Drop the pictures and extract exactly the lines from the one that contains "Tiny photo for" through the end of the material.

> _Given material_:
>>
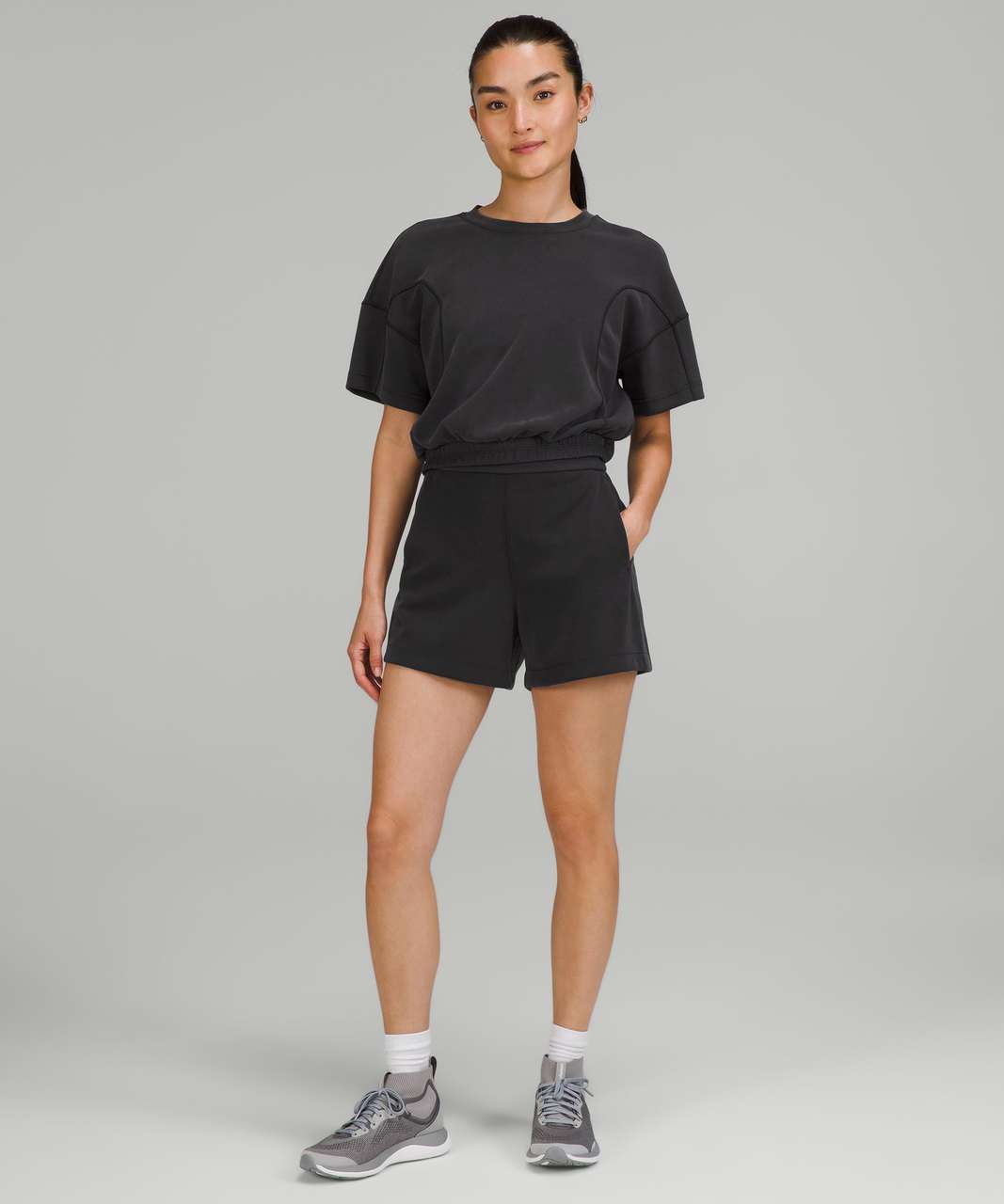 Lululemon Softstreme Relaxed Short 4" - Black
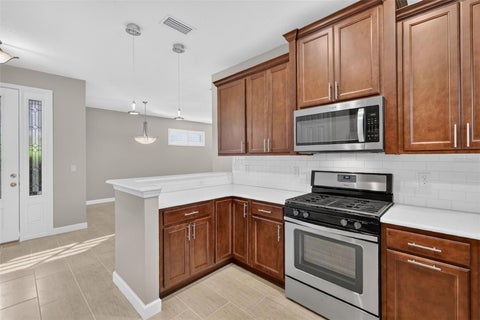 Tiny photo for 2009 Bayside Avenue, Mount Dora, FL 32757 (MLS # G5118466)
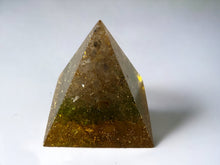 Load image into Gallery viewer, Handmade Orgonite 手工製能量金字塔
<<
> _Response area_:
 Tiny photo for 2009 Bayside Avenue, Mount Dora, FL 32757 (MLS # G5118466)
 Load image into Gallery viewer, Handmade Orgonite 手工製能量金字塔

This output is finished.